This is the latest statement from Indonesians
The Indonesian group said it was "surprised by the action taken by Hyflux," citing its "purported termination" of the deal.
https://asia.nikkei.com/Business/Bu...llapses-after-spat-with-Indonesian-consortium


So here's what happened. proxy votes collected by Boardroom are mostly NO-votes, especially the notesholders and major PnPs investors. According to my sources, I can confirm that these NO-votes include Top-20 Preference Shareholders in the last Annual Report. Logically those who bother to turn up on April 5 voting will likely be NO-votes. This is a crashing defeat for Hyflux's management and regulators.

What are the implications for a NO-votes victory?
Indonesians can get their escrow $38.9m back. This is why SMI will want to proceed with the voting, they never said they will not proceed with the deal. The legal way for them to get their money back is to be rejected on April 5th. Most importantly No-votes victory means that Hyflux will be forced open her books and the Management and Auditors' wrongdoing will be exposed.

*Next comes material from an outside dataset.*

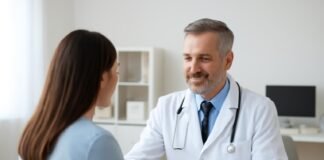 Ιατρός εξετάζει ασθενή σε ιατρείο για HPV κονδυλώματα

Hyflux lied numerous times. As recent as 2-3 weeks' ago, they cancelled the last townhall citing overwhelming RSVPs, when the confirmed attendees was the lower than Townhall 1 & 2 (up to the last weekend before Townhall 3).

Therefore, in the best interests of the Hyflux's management, they are canceling, so that they can continue to helm the company. These people are not stupid. Just a few days ago, Hyflux's director Simon Tay hurled insults at investors, calling them "noises". Such sheer arrogance. It shows the kind of attitude that Hyflux's management has.

photo_simon_tay.jpg




Simon Tay might be shitting in his pants after knowing the NO proxy votes. The restructuring contains written clauses that cede all rights to pursue their wrongdoings in the past. The restructuring is not about helping us, it is about getting signatures to grant them immunity, in exchange for a token compensation for retail investors.
 
(Bloomberg): Securities Investors Association (Singapore)’s CEO David Gerald says he called Hyflux CEO Olivia Lum to determine whether there is an alternative solution that can be presented to investors and creditors after its restructuring pact with SM Investments was scrapped, according to press statement on Thursday.

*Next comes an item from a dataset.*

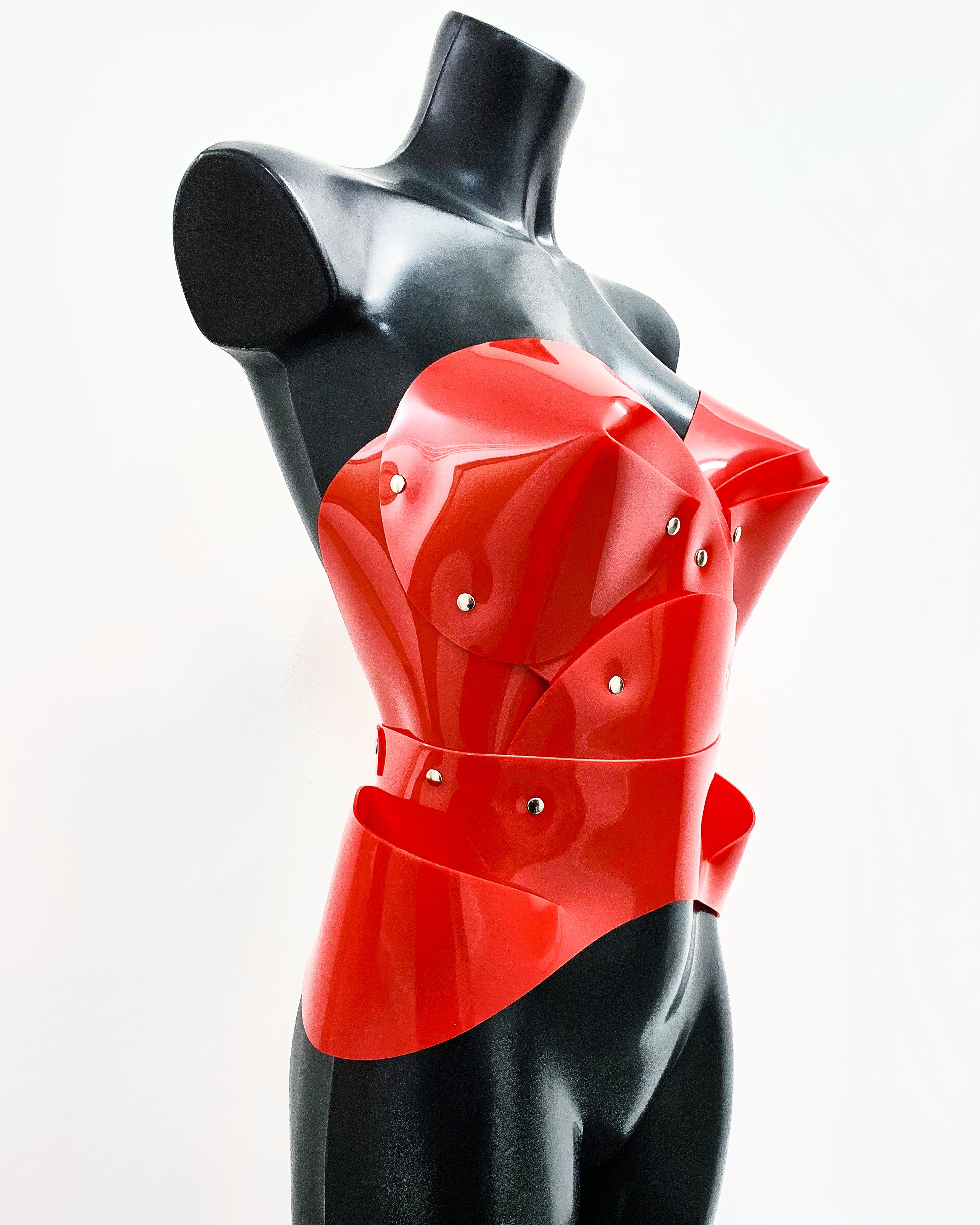 Jivomir Domoustchiev vegan vinyl Sculpture Bustier red love valentines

Lum told Gerald that Hyflux board will quickly re-engage with previous interested parties who had shown keen interest and were bidding for Hyflux with SM. Lum said board needs time to negotiate with interested parties and asked they be given time and space to work on an alternative proposal to avoid liquidation.

SIAS asks senior creditors to give co. chance to provide alternative proposal, not put co. under liquidation hastily, in which case retail investors who are bondholders will lose everything.

SIAS asks all stakeholders to allow Hyflux time and space to work out alternate solution, support board to provide solution.
 
This week, Olivia should consider go beg Prime Minister for help, on behalf of the investors.

For her past glories, she should be qualified to be granted an audience with the Prime Minister.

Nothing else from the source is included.